Yesterday Jeff and I flew up to Willows for the NASA race this weekend at Thunderhill. Not a sight seeing flight, a get there flight. Even when you are in get there mode, flying can become an adventure. This trip had a couple...
It's a bird! It's a plane! It's... a plane.
We got flight following immediately after take off from RHV and our first little adventure was over Calaveras. Norcal reported traffic at our 11 o'clock just slightly below our altitude, opposite direction. We kept climbing and started looking for the traffic... we couldn't see anything. Norcal called out again and this time we could see a very large bird at about where Norcal said the plane would be. We looked and couldn't see anything else. Stupidly(?) I responded to Norcal we had some type of traffic in sight but it was a bird. Norcal was incredulous, "A bird?" they said. "Well, its a very large bird", I said. Just then I saw the twin engine plane, much larger than a bird just closer to us than the bird. "Norcal, traffic in sight and it is a plane. No factor." Even the controller laughed at that one. Then he handed us off to the next sector.
Rooms in the Sky
The next controller was handling the approach traffic for Oakland and SFO. He was BUSY. He kept up a rapid fire of instructions to what must have been 30 planes. Clear and concise. Everyone he talked to, including me, responded back just as clear and concise. We all sounded very professional. I was impressed with how well this controller handled all of that traffic. Jeff and I didn't talk with each other as we listened to the controller and the other planes. He vectored us around other traffic a couple times. Having spent a little time in the TRACON and seeing the screens the controllers look at, I marveled at how well this person was able to interpret the data blocks on that screen and provide instructions to us in the air that kept us all safe.
We cruised past Mt. Diablo and I started thinking we should be handed over to Travis soon. I was right. We were instructed to talk to Travis approach and it was like walking from a busy bar in the city into a room in an almost empty diner on a country backroad.

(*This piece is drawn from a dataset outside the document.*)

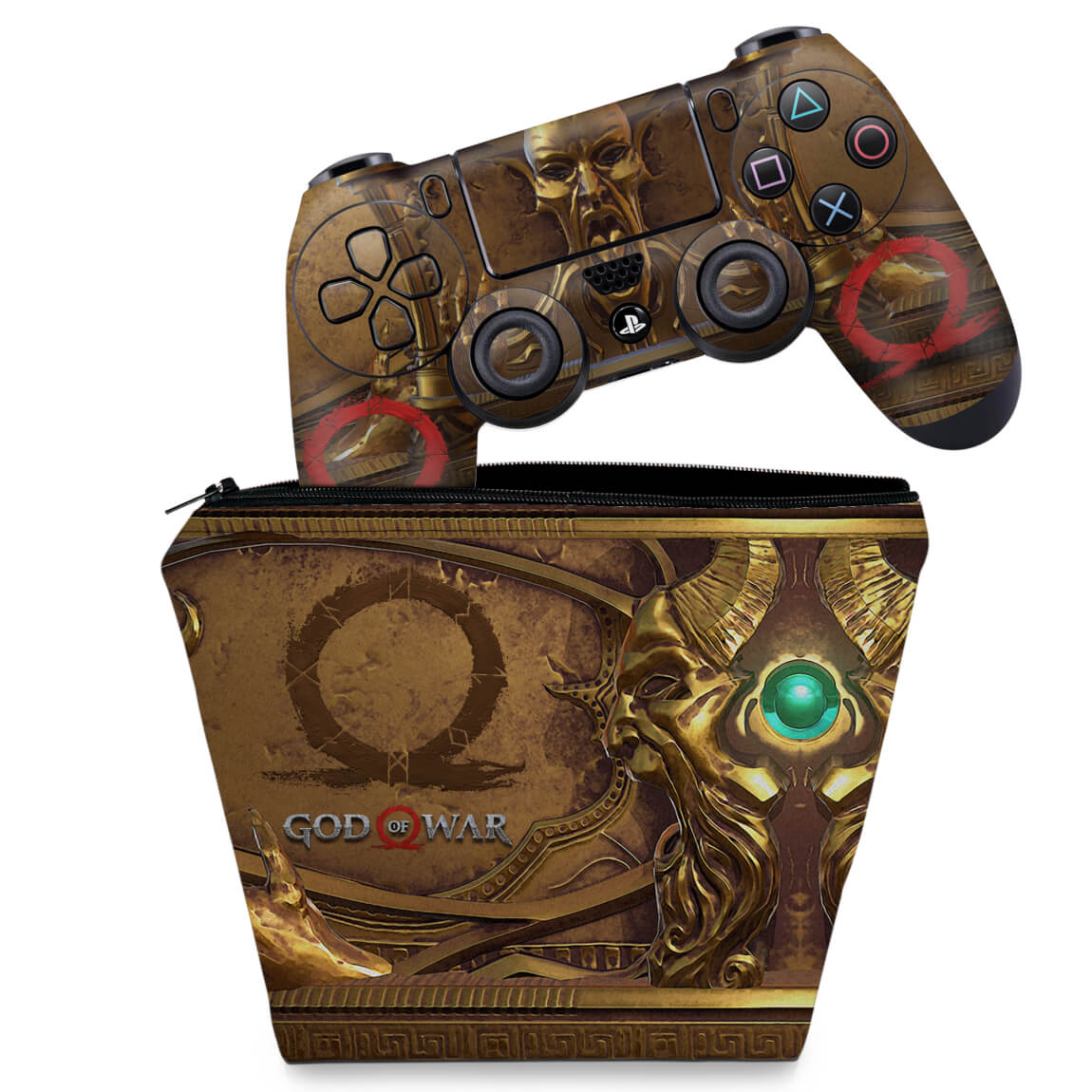 KIT Capa Case e Skin Anti-Rage PS4 Controle - Pandora'S Box God Of War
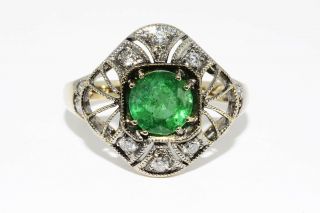 $3,  000 1.  49ct Antique Art Deco Natural Emerald & Diamond Ring 18k 2 Tone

All of the sudden the radio chatter stopped. The Travis controllers sounded much more laid back and conversational with not a whole lot to do. Jeff took the opportunity to show me how to lean the plane using an EGT instead of by ear. The plane I trained in doesn't have an EGT. This 172SP does. Made about a 1.5 - 2 GPH difference according to the fuel flow meter.
Traffic, 12 o'clock, 14 miles, 3, 9,000 feet
We were handed off to Oakland Center shortly. The frequency got even quieter and Jeff and I flew along. Bored. I couldn't believe it.. I was actually bored flying. I think its because I knew that we could get there so much quicker if we were in a faster plane, a 182 or Bonanza for instance. ATC tried to provide us with some entertainment though. "6SP, Traffic 12 o'clock 14 miles 3 9,000 feet". That was a strange call. Why were they telling us about traffic at 9,000 feet when we were at 4,500 feet? What did they mean "3"? I asked her to repeat and she said it again. I hadn't head wrong. We dutifully looked for the traffic and couldn't see it. "6SP, Traffic. 12 o'clock 8 miles 3 jets 9,000 feet". 3 jets? Oh! This could be interesting. We looked harder. Finally we spotted the traffic. Three military jets, going fast and high above. Cool! "Oakland Center, traffic in sight, not a factor." Oakland Center replied, "OK. I just thought you guys would like to see that." "Yeah, we did like that, thanks!"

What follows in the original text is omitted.